He was also assigned to help invent new publications to take the place of Time Inc.’s defunct Life: the future Money, People, Well and Entertainment magazines. Along the way, he wrote profiles of Muhammad Ali, Rachel Welch and other celebrities.
In 1978, he became the institute’s third executive director, as he described it, to give young journalists the same opportunity Walter Rogers had given him in 1953.
ICWA’s endowment had been almost entirely spent down by then, and the institute had only a sole fellow, Joseph Battat, in China.
Peter moved the institute’s offices near his alma mater in Hanover, New Hampshire, from where he proceeded to mentor, edit, travel and support the 77 fellows he appointed, building the institute into what it has become today.
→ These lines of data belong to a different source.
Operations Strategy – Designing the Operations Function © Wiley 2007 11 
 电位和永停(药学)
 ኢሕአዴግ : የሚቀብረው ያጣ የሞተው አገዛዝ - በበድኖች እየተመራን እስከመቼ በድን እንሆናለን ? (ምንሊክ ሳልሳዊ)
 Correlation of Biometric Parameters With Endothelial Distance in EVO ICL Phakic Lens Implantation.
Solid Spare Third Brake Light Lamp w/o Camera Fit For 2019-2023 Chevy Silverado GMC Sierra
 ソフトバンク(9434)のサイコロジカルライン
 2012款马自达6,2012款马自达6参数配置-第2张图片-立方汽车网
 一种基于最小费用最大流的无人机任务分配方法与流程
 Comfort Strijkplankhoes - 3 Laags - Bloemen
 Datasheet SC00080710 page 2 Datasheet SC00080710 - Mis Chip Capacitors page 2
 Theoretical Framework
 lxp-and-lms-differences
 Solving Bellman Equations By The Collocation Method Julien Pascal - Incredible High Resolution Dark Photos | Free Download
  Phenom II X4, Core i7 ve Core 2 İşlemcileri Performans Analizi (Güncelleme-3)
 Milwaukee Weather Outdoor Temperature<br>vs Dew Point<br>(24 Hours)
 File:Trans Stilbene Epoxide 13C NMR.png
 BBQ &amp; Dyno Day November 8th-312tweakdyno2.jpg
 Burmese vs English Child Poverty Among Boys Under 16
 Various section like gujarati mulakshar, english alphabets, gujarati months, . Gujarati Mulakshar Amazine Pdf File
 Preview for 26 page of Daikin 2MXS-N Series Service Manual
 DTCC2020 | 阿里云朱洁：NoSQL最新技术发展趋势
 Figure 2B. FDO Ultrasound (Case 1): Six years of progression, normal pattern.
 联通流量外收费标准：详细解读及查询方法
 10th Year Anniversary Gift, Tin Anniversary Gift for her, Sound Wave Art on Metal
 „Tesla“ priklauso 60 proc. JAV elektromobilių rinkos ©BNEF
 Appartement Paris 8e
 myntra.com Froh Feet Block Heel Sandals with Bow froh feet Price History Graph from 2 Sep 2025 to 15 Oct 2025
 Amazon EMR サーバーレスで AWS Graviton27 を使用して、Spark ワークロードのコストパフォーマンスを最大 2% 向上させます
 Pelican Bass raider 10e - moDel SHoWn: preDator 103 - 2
“He was a wonderful raconteur and writer, quick to laugh, but kept his eyes on the serious matters at hand,” Battat—who later became ICWA board chair—said. “He loved, nurtured, mentored and protected his fellows like a mother hen.”
Many of those fellows describe his boundless optimism and energy, detailed anecdotes and witticisms that were as legendary among the institute community as his singing.
“Peter has been the beating heart of the institute family,” trustee Ed Sutton said.
Along the way, Peter also founded the South-North News Service in 1985 to cultivate reporters from developing countries and provide news from a local, non-Western viewpoint.
After his retirement from ICWA in 2007, he founded the John Hazard Institute, which offered international fellowships to young American lawyers for studying the language, law and culture of countries deemed crucial to the understanding of international affairs.
ICWA’s current executive director, Gregory Feifer, first met Peter as a fellowship candidate in 1999 in Russia, where he was employed by a local English-language newspaper that couldn’t afford to send its reporters beyond Moscow’s city limits.
Landing in the capital’s notorious Sheremetyevo airport, Peter emerged smiling in his Dartmouth green blazer, unmissable in an endless sea of grey gloomy faces and black leather jackets.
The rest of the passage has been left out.